Capital.com reports traders returning to Gold as market turns risk averse

Karthik Subramanian

Capital.com, an FX broker that uses machine learning to read trade data and present better trading choices and options, has revealed that trading in gold has picked up during July while trading in meme stocks and crypto has suffered a dip during the same period, according to the trade data available with the platform.

This marks a big change in the behavior of the traders who, until last month, had preferred meme stocks and especially crypto trading while gold volumes were lagging far behind. There are multiple reasons for this change which include the fact that the crypto prices have dropped off a lot during June and July and the market has been ranging during this period which has led to lower volatility and hence the dip in interest.

Also, inflation and risk have been a factor in this as traders have chosen to be risk-averse due to the ongoing pandemic which has been taking its time to recede across the globe.

David Jones, Chief Market Strategist at European investment trading platform, Capital.com said: “The nagging worry for investors at the moment is still inflation. This goes some way to explain activity by our clients this week – Gold was one of the top-traded assets by our users. Traditionally seen as a hedge against inflation and uncertainty, the yellow metal hit its best levels for a month on Thursday (15 July 2021) – although it is still around 12% off its all-time high set last August.”

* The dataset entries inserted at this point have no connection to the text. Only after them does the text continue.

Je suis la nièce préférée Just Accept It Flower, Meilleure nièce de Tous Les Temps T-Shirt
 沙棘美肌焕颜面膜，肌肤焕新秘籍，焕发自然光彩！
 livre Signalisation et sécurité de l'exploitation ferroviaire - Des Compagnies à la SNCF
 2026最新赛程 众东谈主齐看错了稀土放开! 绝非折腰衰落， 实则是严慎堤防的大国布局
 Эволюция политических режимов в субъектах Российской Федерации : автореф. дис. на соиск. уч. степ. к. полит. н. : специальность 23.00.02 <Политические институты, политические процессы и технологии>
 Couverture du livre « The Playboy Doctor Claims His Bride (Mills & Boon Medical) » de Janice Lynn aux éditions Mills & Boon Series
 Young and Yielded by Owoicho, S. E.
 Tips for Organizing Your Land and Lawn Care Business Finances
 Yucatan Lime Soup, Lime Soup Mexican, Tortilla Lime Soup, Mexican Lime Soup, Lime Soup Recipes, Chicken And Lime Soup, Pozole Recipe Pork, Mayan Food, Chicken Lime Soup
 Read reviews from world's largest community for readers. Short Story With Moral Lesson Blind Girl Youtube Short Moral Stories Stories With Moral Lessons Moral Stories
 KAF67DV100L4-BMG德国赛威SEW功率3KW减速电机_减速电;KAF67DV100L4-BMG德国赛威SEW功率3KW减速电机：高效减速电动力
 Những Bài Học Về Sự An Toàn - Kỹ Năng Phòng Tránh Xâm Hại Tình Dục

Capital.com is an FCA-regulated entity that has a presence in different parts of the globe and the company says that it grew its client base by over 700% during the year 2020. This has helped it to generate a lot of stats surrounding the trading by its users and this points to a global liking for gold over the last month or so which has helped the global prices pick up speed and move higher after a bearish-ranging period. It is expected that this would continue in the coming months as well though the dollar is expected to get stronger towards the end of the year as the US stops printing. This is likely to be loved by the gold bulls who have been on the sidelines for long as the crypto industry has hogged all the limelight over the last year or so. With crypto prices falling and the crypto bulls taking a breather, the attention has now shifted to other instruments.